● Task brief
From the records below, print only the part that opens with the line containing "rendimiento cerebral diario?" and closes with the line containing "Tapis de litière pour chat - Multicolore"; omit the pictures.

● Entries provided
:::::

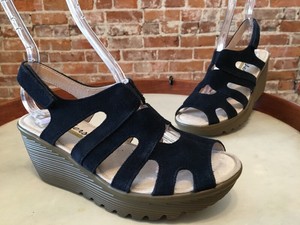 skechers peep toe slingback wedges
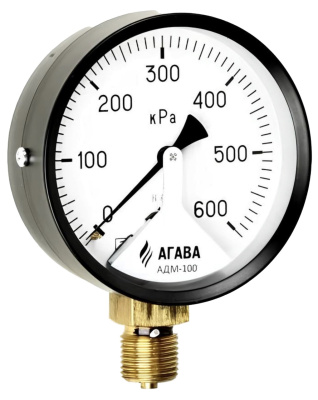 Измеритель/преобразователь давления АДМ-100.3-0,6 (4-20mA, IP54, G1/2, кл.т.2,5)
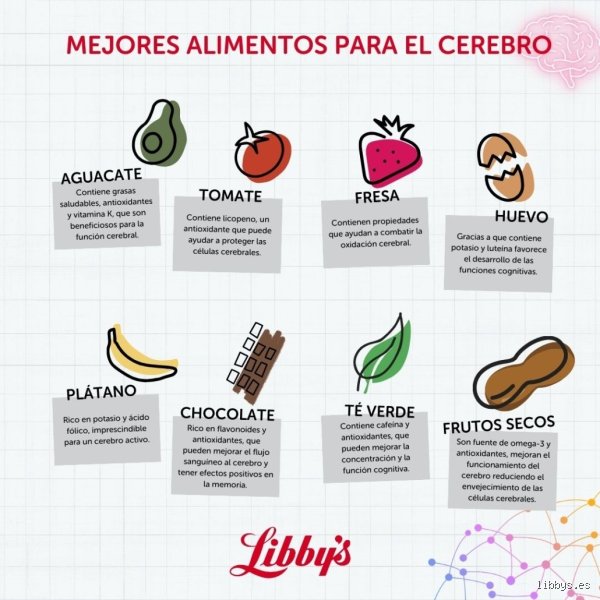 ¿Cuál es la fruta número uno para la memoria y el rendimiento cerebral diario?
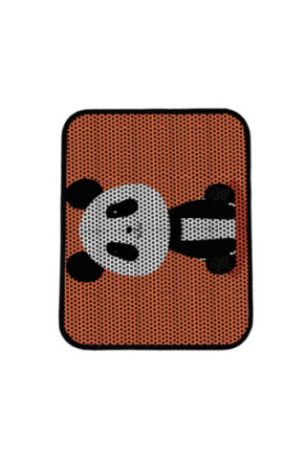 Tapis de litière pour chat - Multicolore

:::::

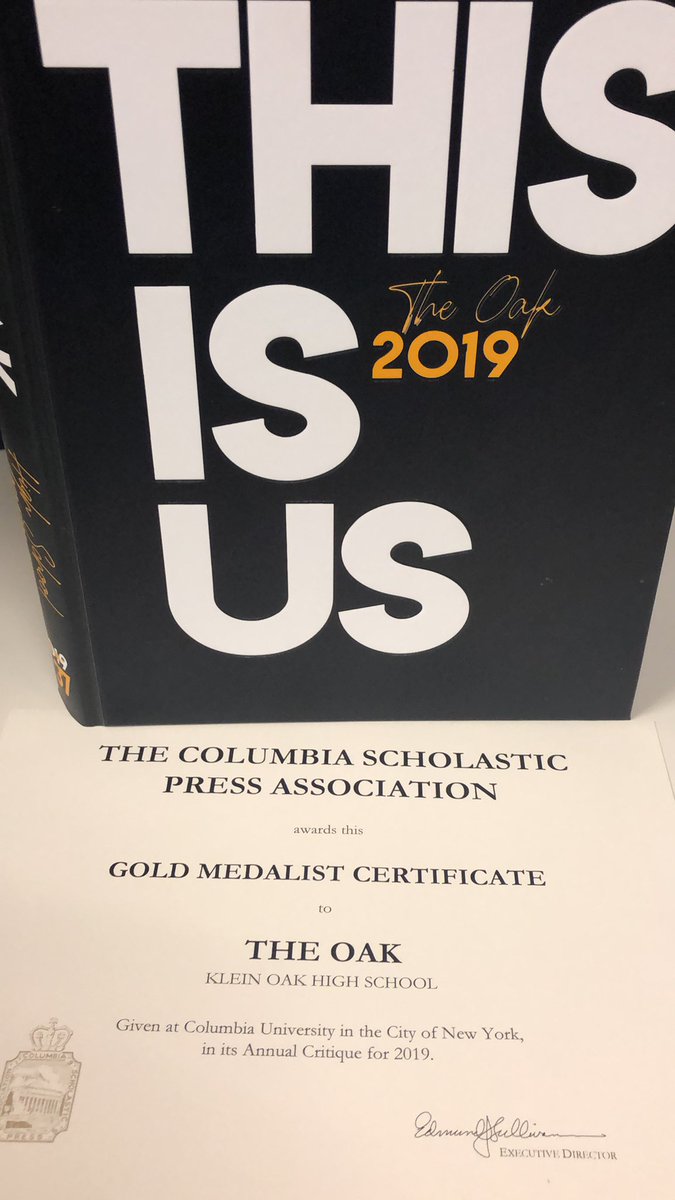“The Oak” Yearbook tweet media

:::::

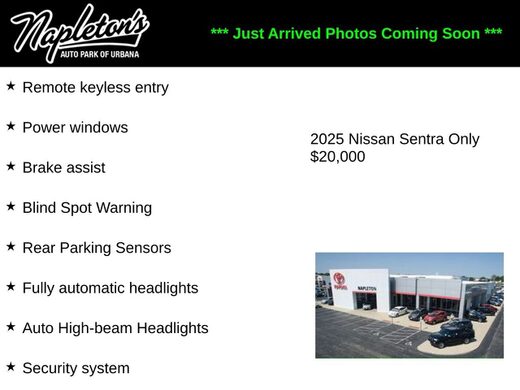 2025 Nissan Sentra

:::::

● Answer area
 ¿Cuál es la fruta número uno para la memoria y el rendimiento cerebral diario?
 Tapis de litière pour chat - Multicolore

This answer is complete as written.